======== RECORDS FOR THIS TASK ========
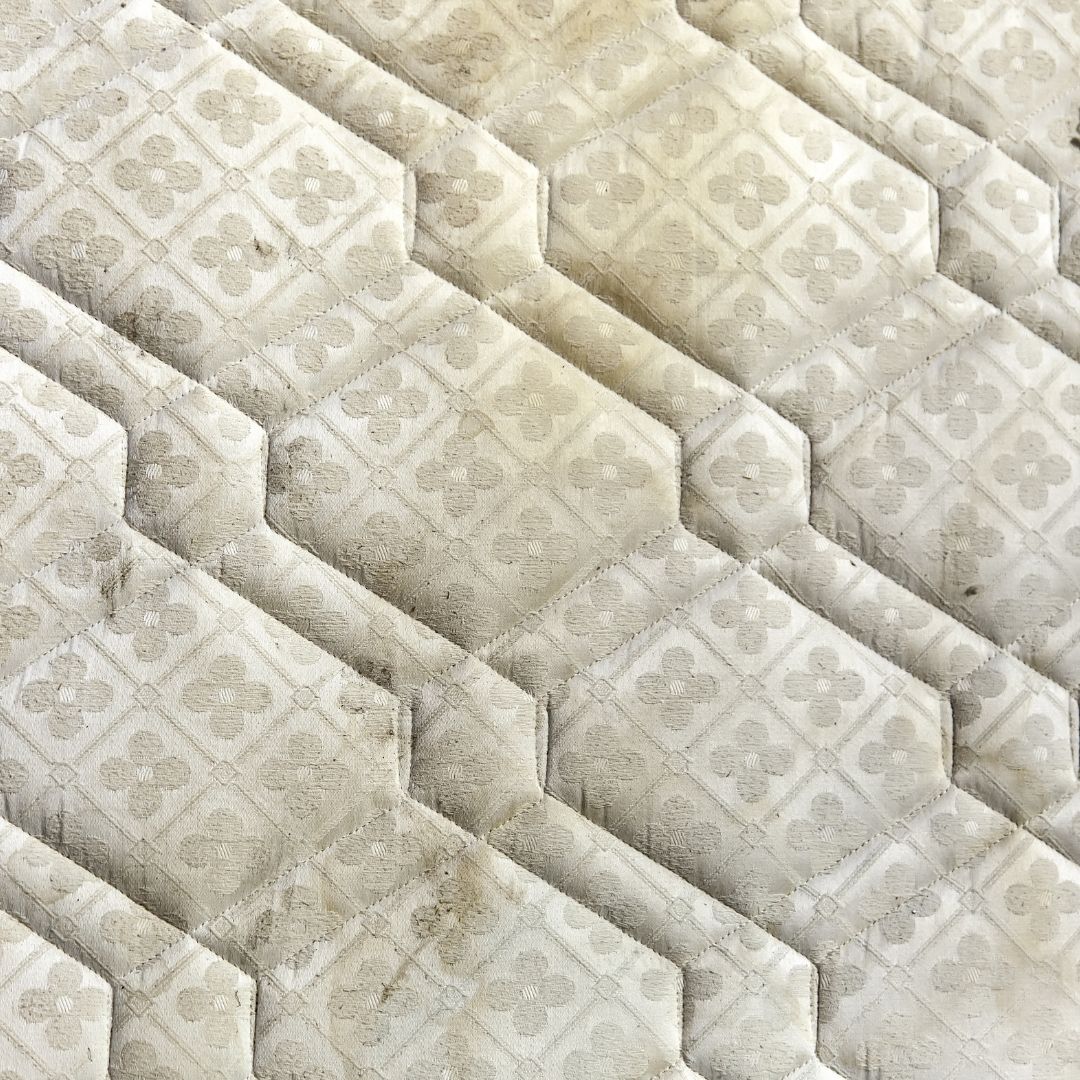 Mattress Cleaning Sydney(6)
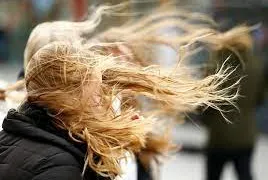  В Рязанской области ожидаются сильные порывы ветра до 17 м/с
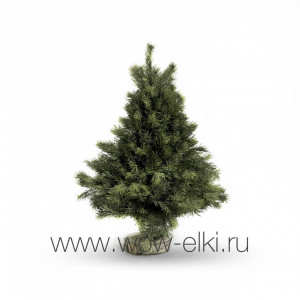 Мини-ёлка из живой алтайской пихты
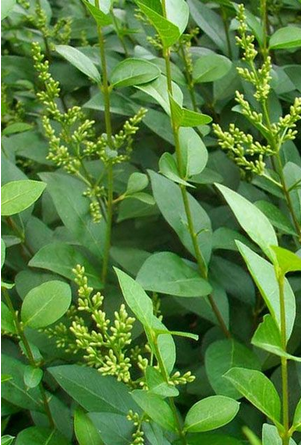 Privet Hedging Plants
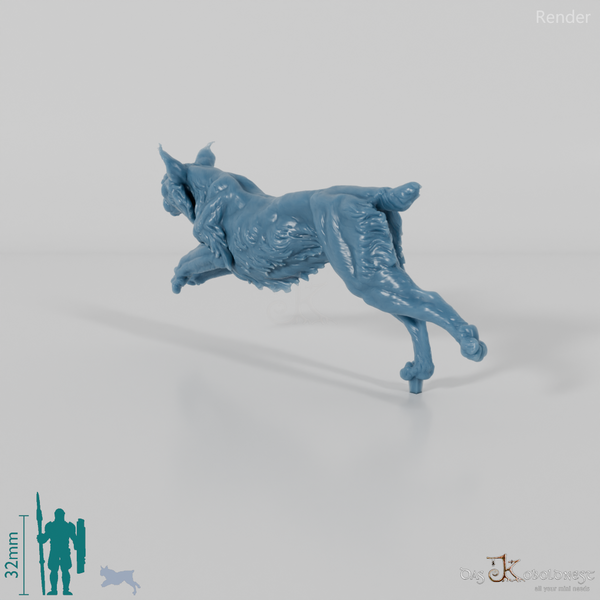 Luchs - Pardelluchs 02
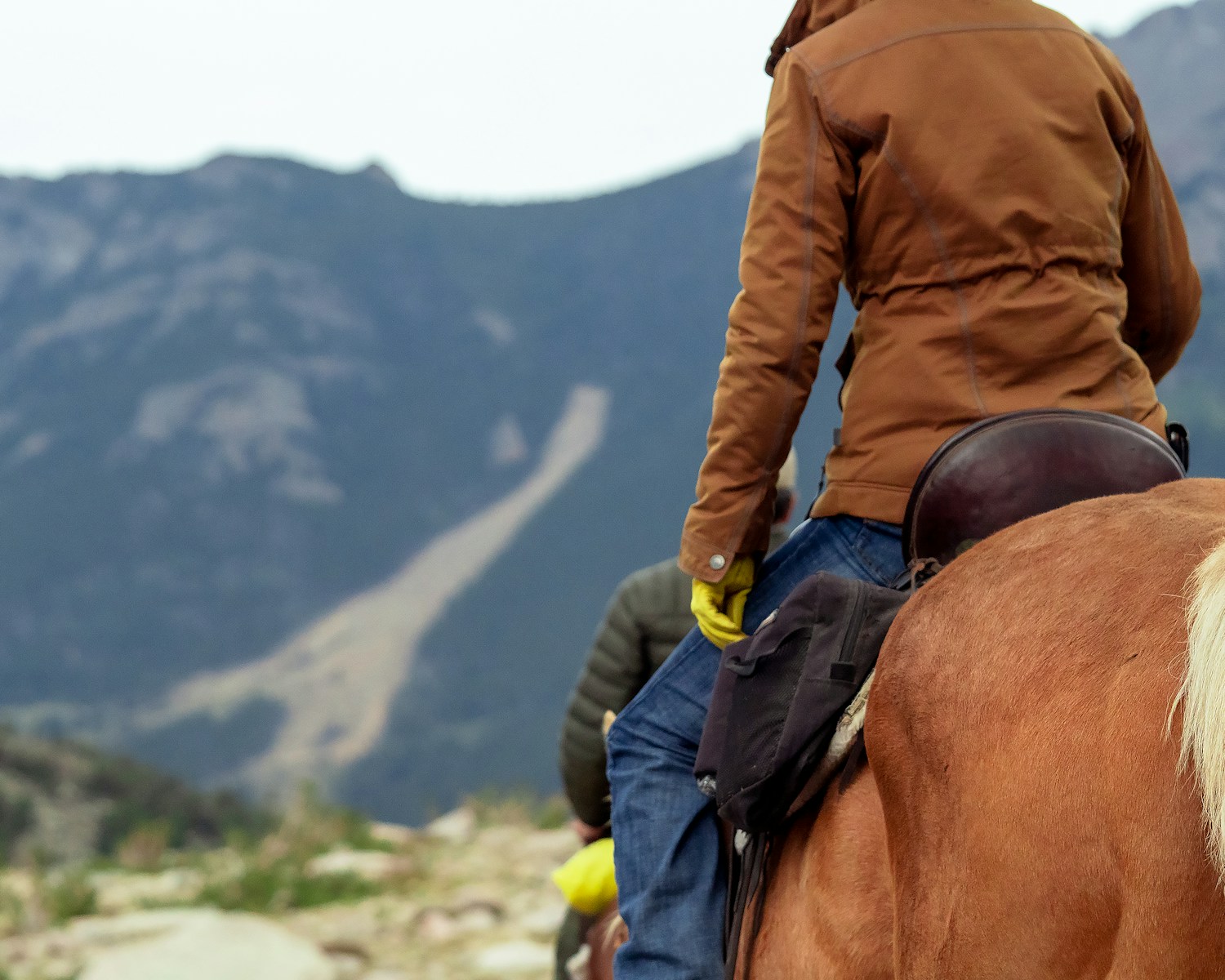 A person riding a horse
========
Repeat the records word for word and drop any pictures.

OUTPUT
 Mattress Cleaning Sydney(6)
  В Рязанской области ожидаются сильные порывы ветра до 17 м/с
 Мини-ёлка из живой алтайской пихты
 Privet Hedging Plants
 Luchs - Pardelluchs 02
 A person riding a horse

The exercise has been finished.